Mendorong Penguatan Perlindungan Harta Pihak Ketiga Beritikad Baik dalam Perkara Tipikor dan TPPU
Doktor Ilmu Hukum:

Mendorong Penguatan Perlindungan Harta Pihak Ketiga Beritikad Baik dalam Perkara Tipikor dan TPPU

Perlu beberapa regulasi untuk memberi perlindungan hukum terhadap pihak ketiga beritikad baik dalam kasus pidana korupsi dan TPPU, seperti rancangan KUHAP, peraturan MA, peraturan Jaksa Agung, dan peraturan Kepala Polri.

Oleh:
Ady Thea DA
Bacaan 7 Menit

Dalam sejumlah putusan perkara pidana korupsi, Patra melihat majelis hakim yang memeriksa dan memutus status harta kekayaan/harta benda dan uang yang sejak proses penyidikan disita oleh penyidik, dibekukan atau diblokir, dan baru dikembalikan kepada pemiliknya jika perkara sudah diputuskan (inkracht). Persoalannya, pihak ketiga yang harta kekayaannya disita tidak dapat menggunakan atau memanfaatkannya dalam waktu yang cukup lama.

Patra menghitung penyelesaian perkara pidana korupsi secara normatif memakan waktu 5 bulan di tingkat pertama; 3 bulan tingkat banding. Penyelesaian perkara lebih lama di tingkat kasasi karena butuh waktu sekitar 8 bulan. Belum lagi jika dihitung sejak tahap penyidikan, tentunya harta kekayaan atau uang yang disita akan lebih lama lagi. “Dalam konteks ini, analisis biaya, manfaat dalam teori ekonomi menjadi relevan untuk dipertimbangkan oleh penyidik saat memutuskan untuk melakukan upaya paksa (penyitaan, red) terhadap pihak ketiga,” ujarnya.

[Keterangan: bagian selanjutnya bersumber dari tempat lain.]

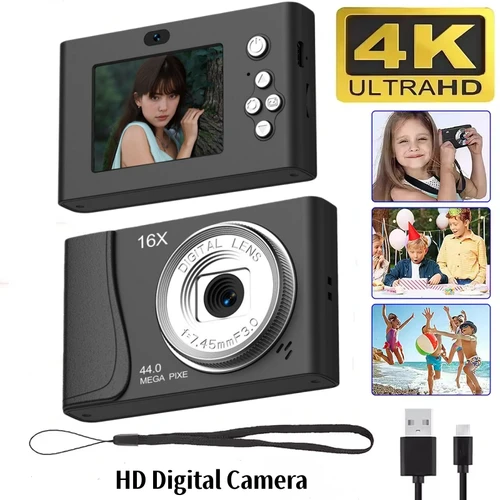 Cámara Digital 4K, videocámara para niños de 24 millones de píxeles, cámaras compactas con Zoom 16x, enfoque automático para fotografía de niños, adultos y principiantes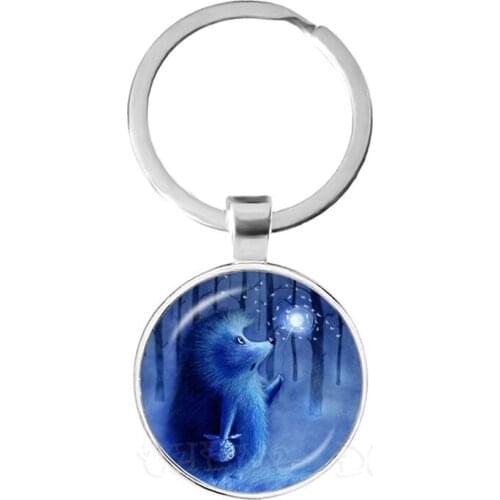 Fashion Hedgehog In The Fog Keychain 25mm Glass Cabochon Dome Hedgehog in the Mist Key Chain Keyring Holder Animal Jewelry Gift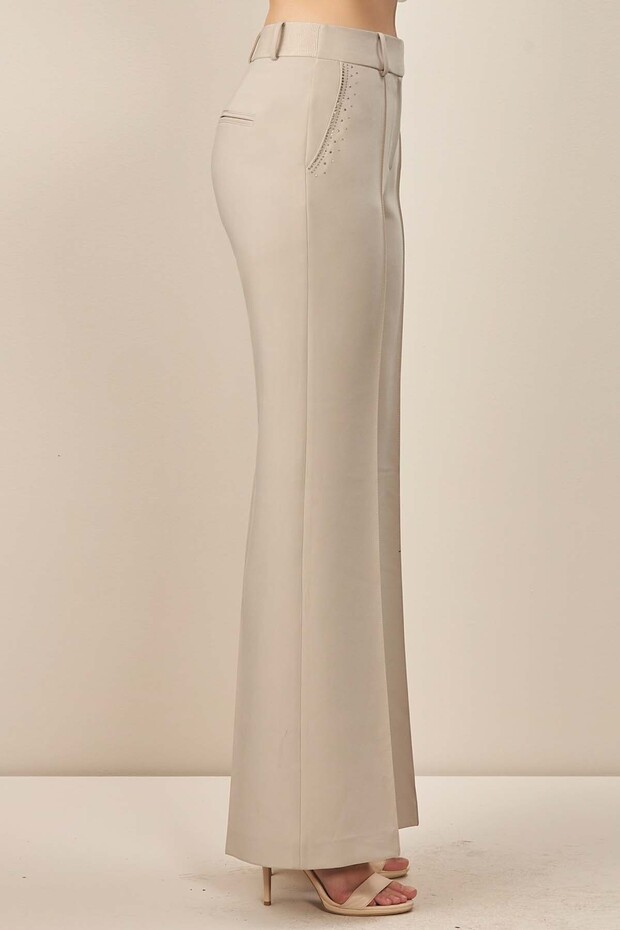 İspanyol Paça Taş Dokuma Pantolon - 4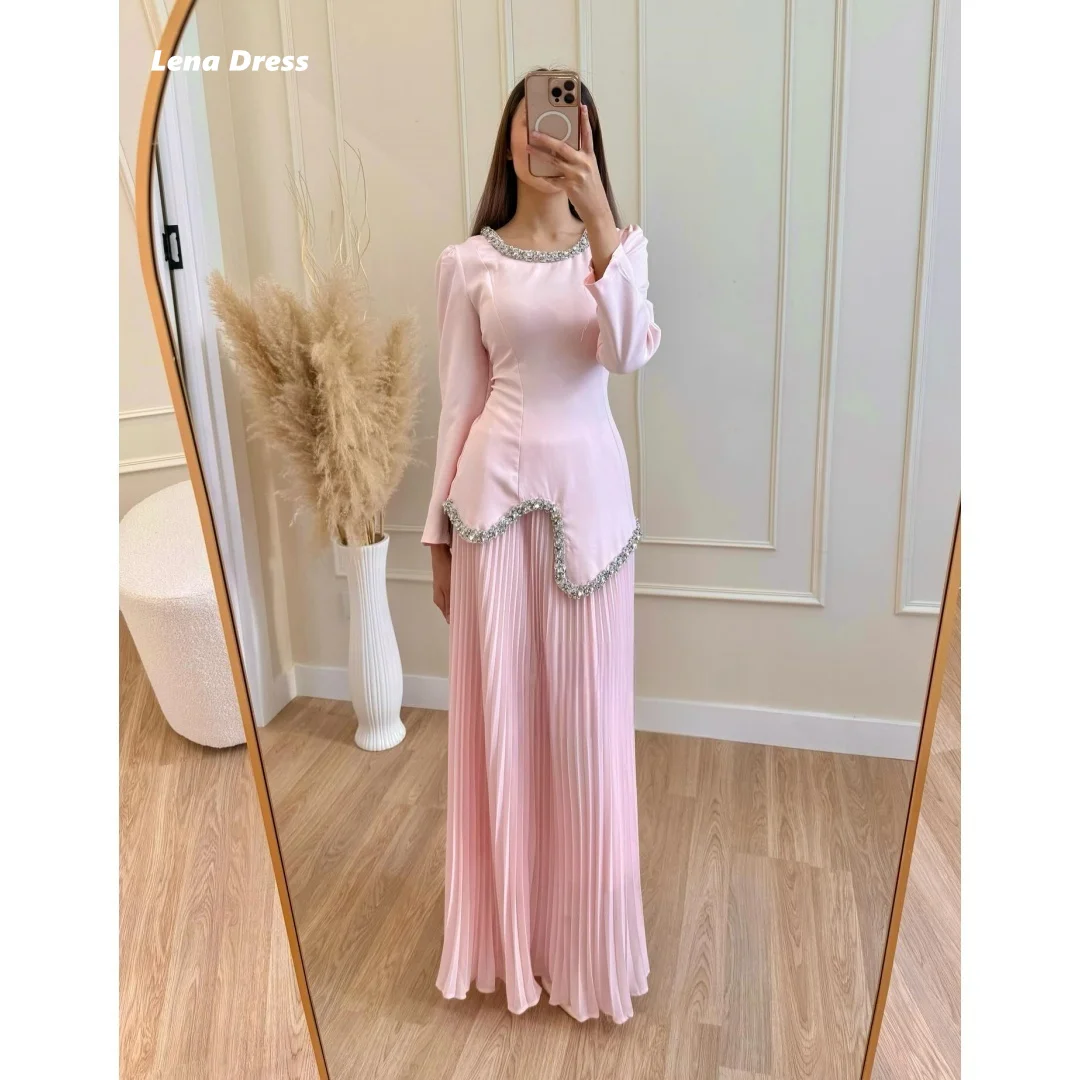 

Lena A-line Evening Dresses Woman Elegant Woman Party Dress Round Neck Customized Ball Gown Dress Long Sleeved Pink Robe Soiree
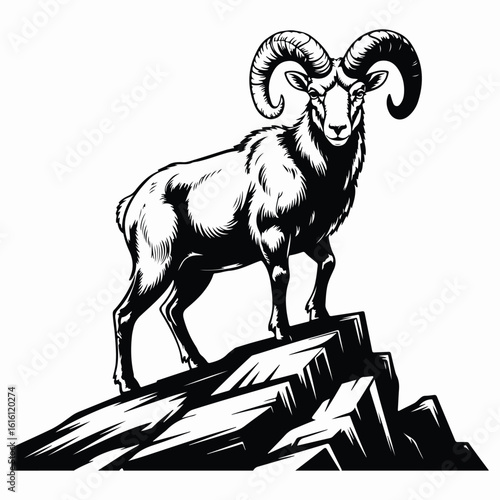 "Bighorn Sheep Silhouette – Mountain Wildlife Line Art Emblem"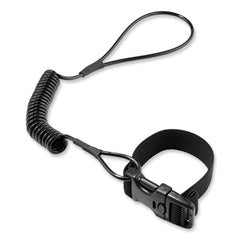 ergodyne® Squids 3157 Coiled Lanyard with Buckle, 2 lb Max Working Capacity, 12" to 48" Long, Black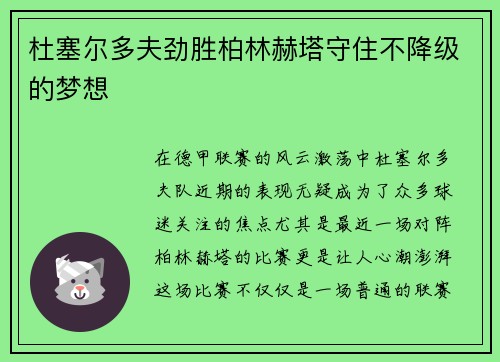 杜塞尔多夫劲胜柏林赫塔守住不降级的梦想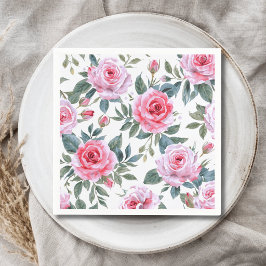 Rosa rosblommig elegant vattenfärg mönster pappersservett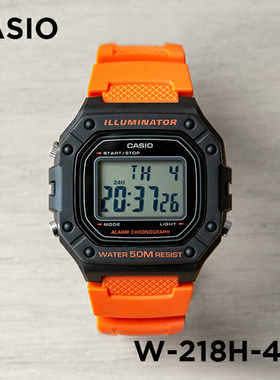 卡西欧手表CASIO W-218H-4B2 户外运动时尚腕表方块防水电子表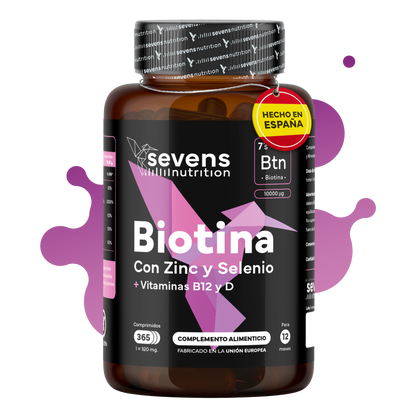 Biotina 10,000 Mcg Sevens Nutrition. Fortalece Cabello, Piel Y Uñas._0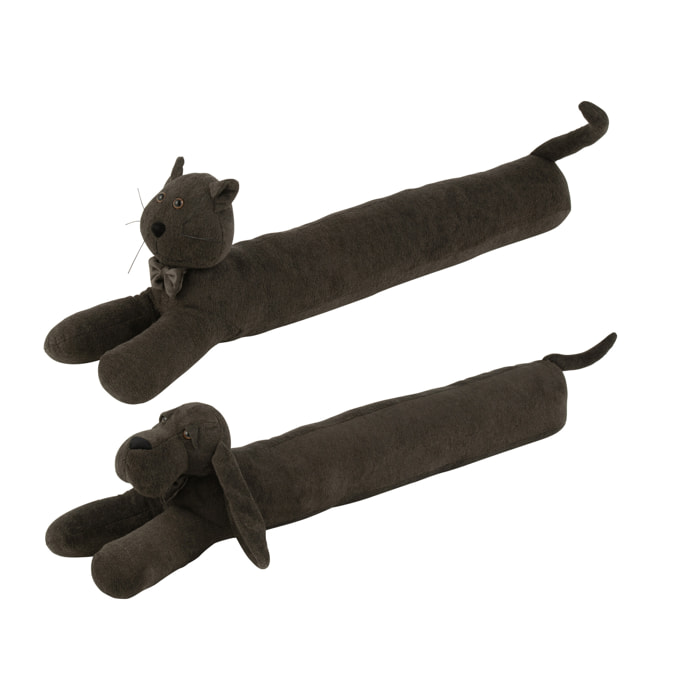 J-Line boudin de porte Chien/Chat Bouclé - textile - gris foncé - 2 pcs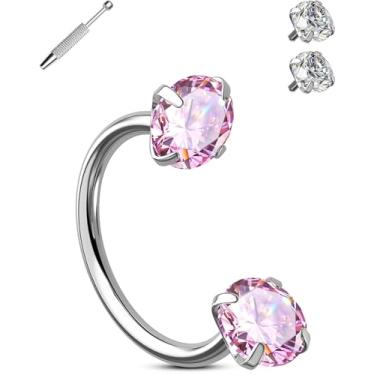 Imagem de OUFER Anéis de nariz dourados em ferradura, anéis de nariz roscados internamente de 20 g para mulheres e homens, aço cirúrgico 316L duplo brilhante zircônia cúbica transparente, piercing de orelha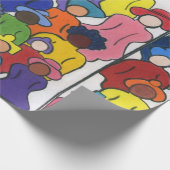 1つの世界、1つの家族の多文化ラッピング紙 ラッピングペーパー (角)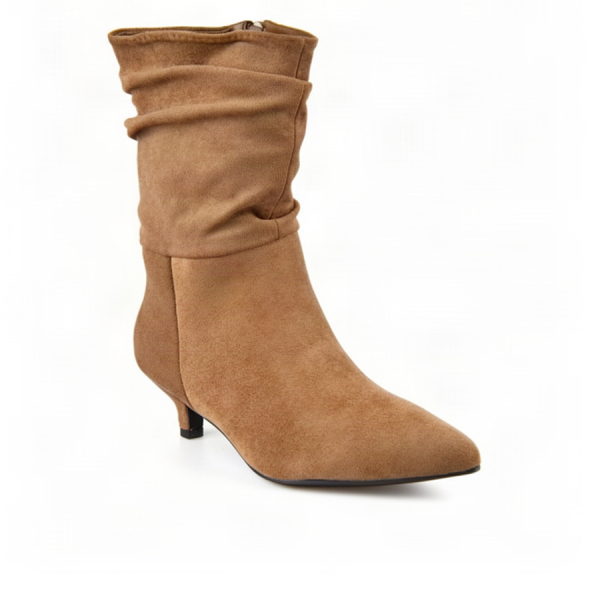 botine damă textil maro deschis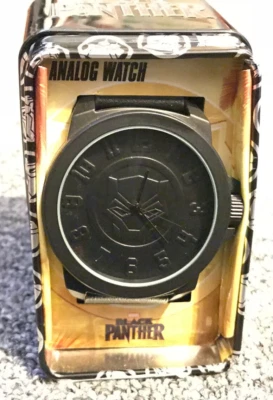 MARVEL COMICS BLACK PANTHER RUBBER BAND LARGE FACE ANALOG WATCH COLLECTIBLE TIN - Image 1 of 4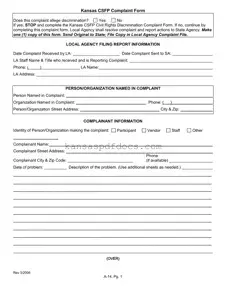 Download Kansas Csfp Complaint Form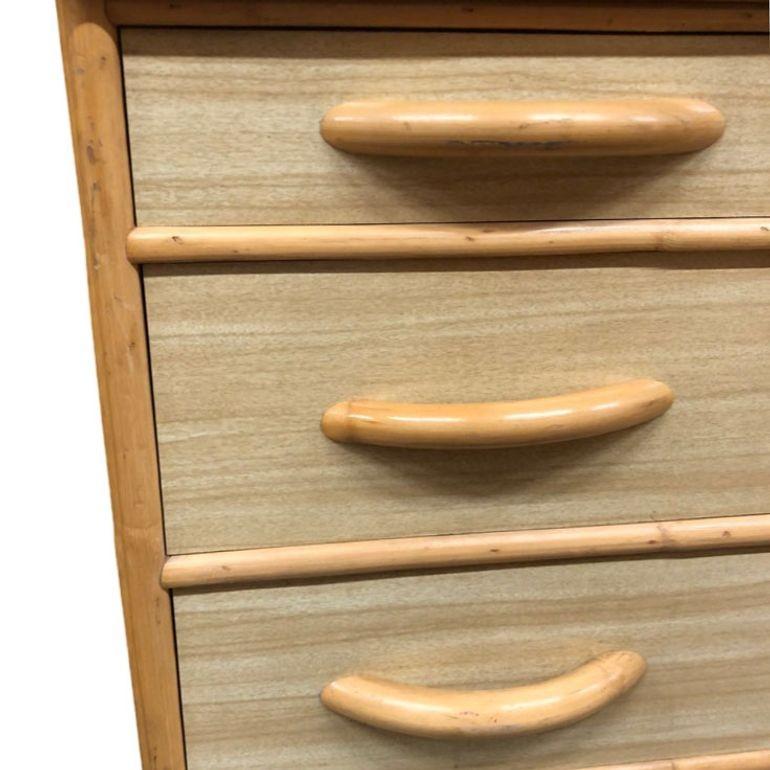 Restored Mid Century Rattan Dresser/Vanity Bedroom Set For Sale 8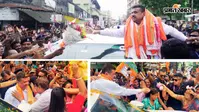 बालूरघाट में दिखा शुभेंदु अधिकारी का क्रेज, कोई गले लगाने तो कोई कमल का फूल देने को बेताब, देखें Photos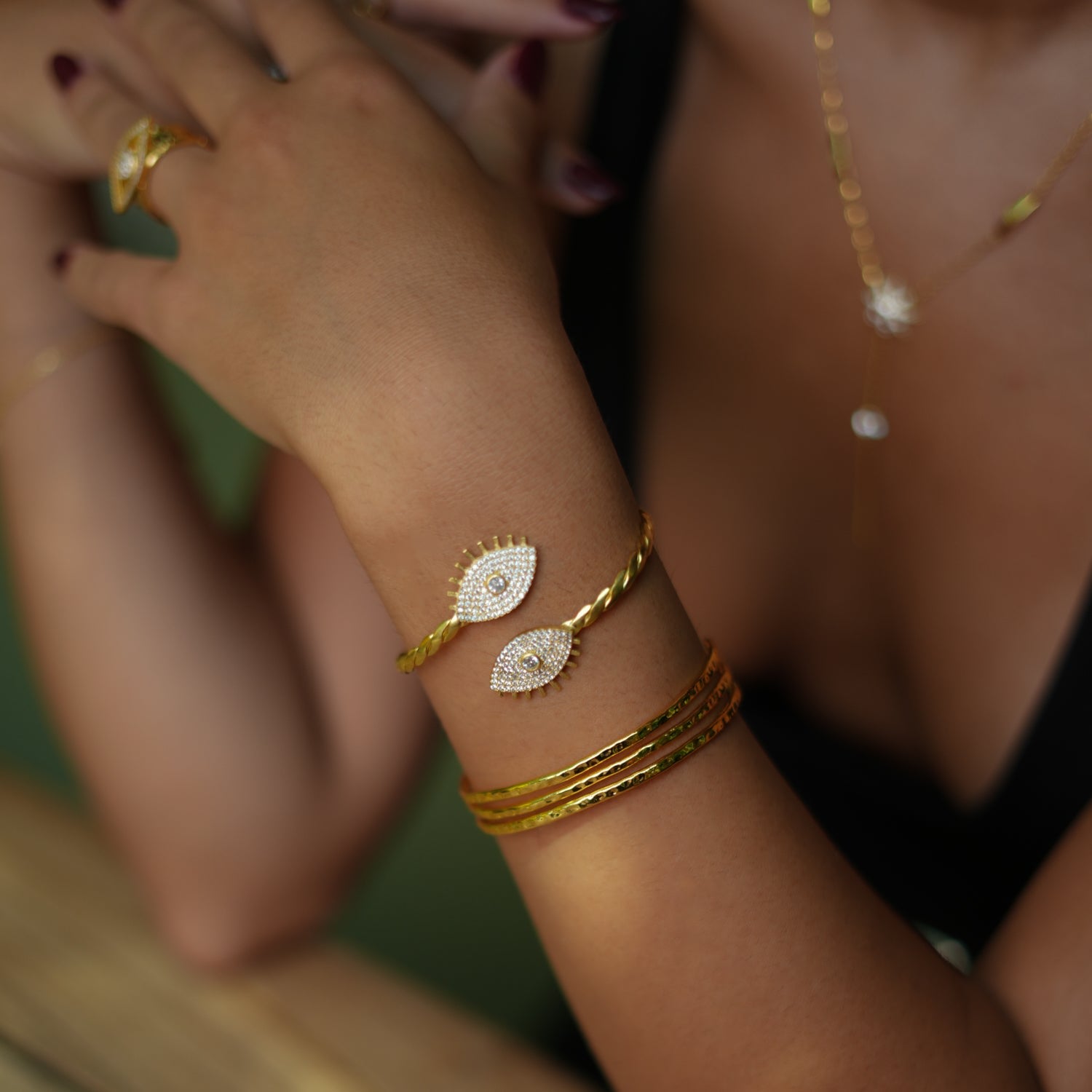 Diamond & Gold Guardian Evil Eye Cuff Bracelet - Gold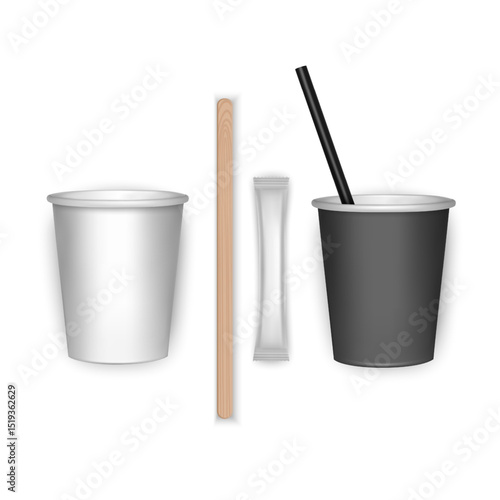Coffee cups, lids, straws and sugar packets on a transparent background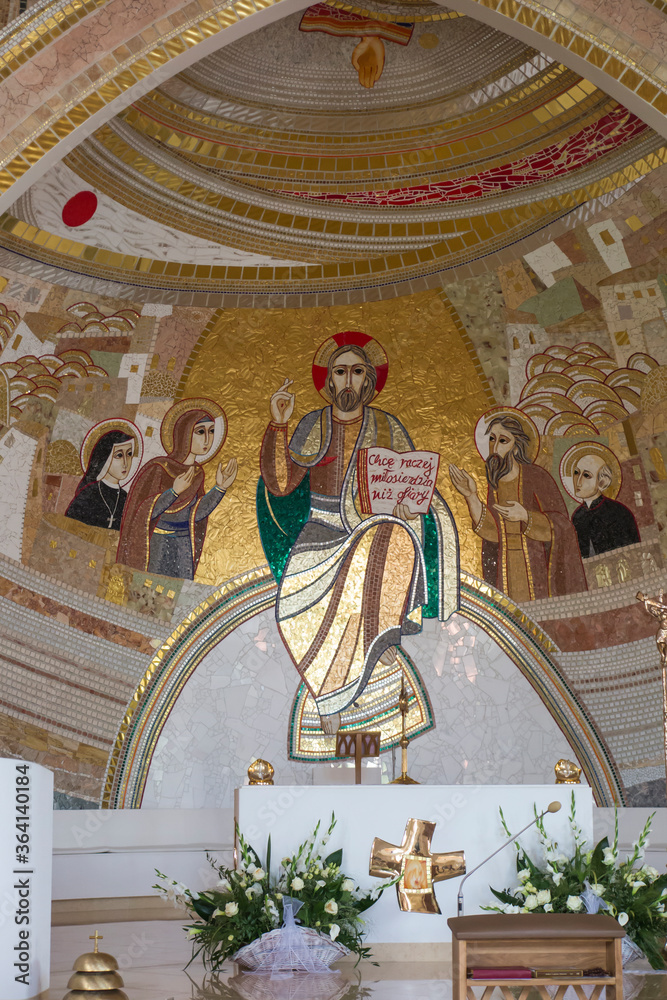 Obraz premium Częstochowa, Poland, June 23, 2020: Mosaic at the Shrine of Divine Mercy in the Valley of Divine Mercy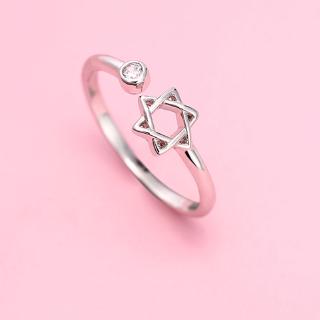 Nhẫn bạc đính hôn hình ngôi sao độc đáo cho nữ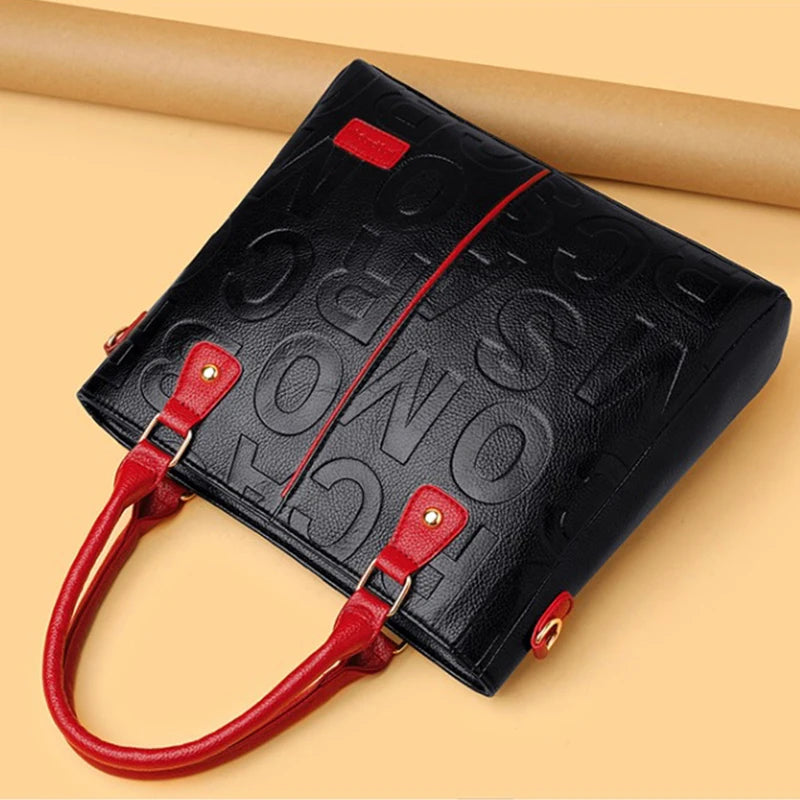 Luxury PU Leather Tote – Large Capacity Travel Shoulder Crossbody Bag for Women
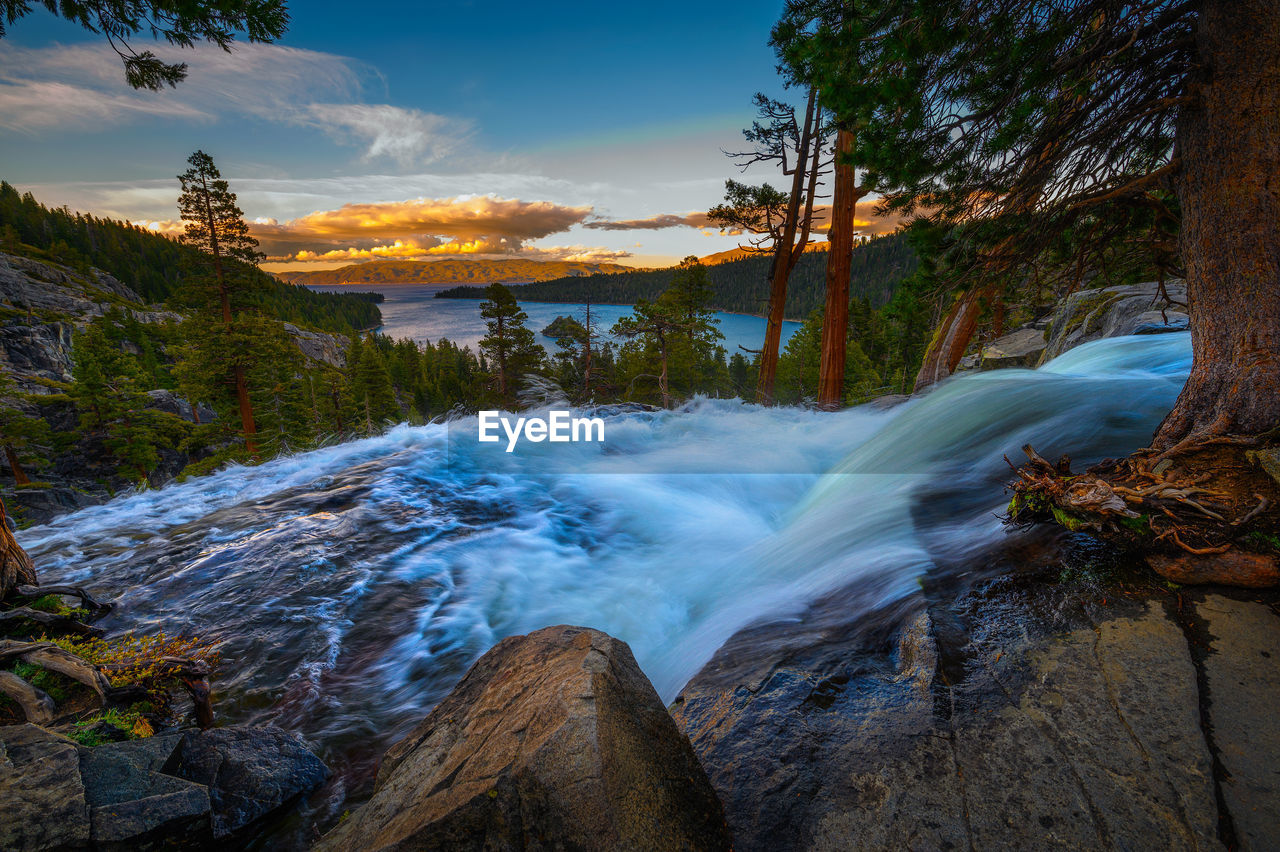 scenic view of waterfall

Dia mengakui secara normatif, Pasal 194 ayat (1) dan Pasal 46 ayat (2) KUHAP menjamin barang bukti atau benda yang disita dikembalikan kepada pihak yang paling berhak dalam putusan pengadilan. Namun, tidak ada upaya hukum bagi pihak ketiga yang beritikad baik untuk mempertahankan hak atas benda yang dirampas untuk negara dalam putusan pengadilan, kecuali upaya hukum keberatan dalam waktu paling lambat 2 bulan berdasarkan ketentuan Pasal 19 ayat (2) UU Pemberantasan Tindak Pidana Korupsi (Tipikor).  

“Terhadap penetapan hakim atas surat keberatan ini, sebagaimana diatur Pasal 19 ayat (5) UU Pemberantasan Tipikor dimungkinkan pemohon (pihak ketiga) dan penuntut umum mengajukan kasasi ke Mahkamah Agung (MA).”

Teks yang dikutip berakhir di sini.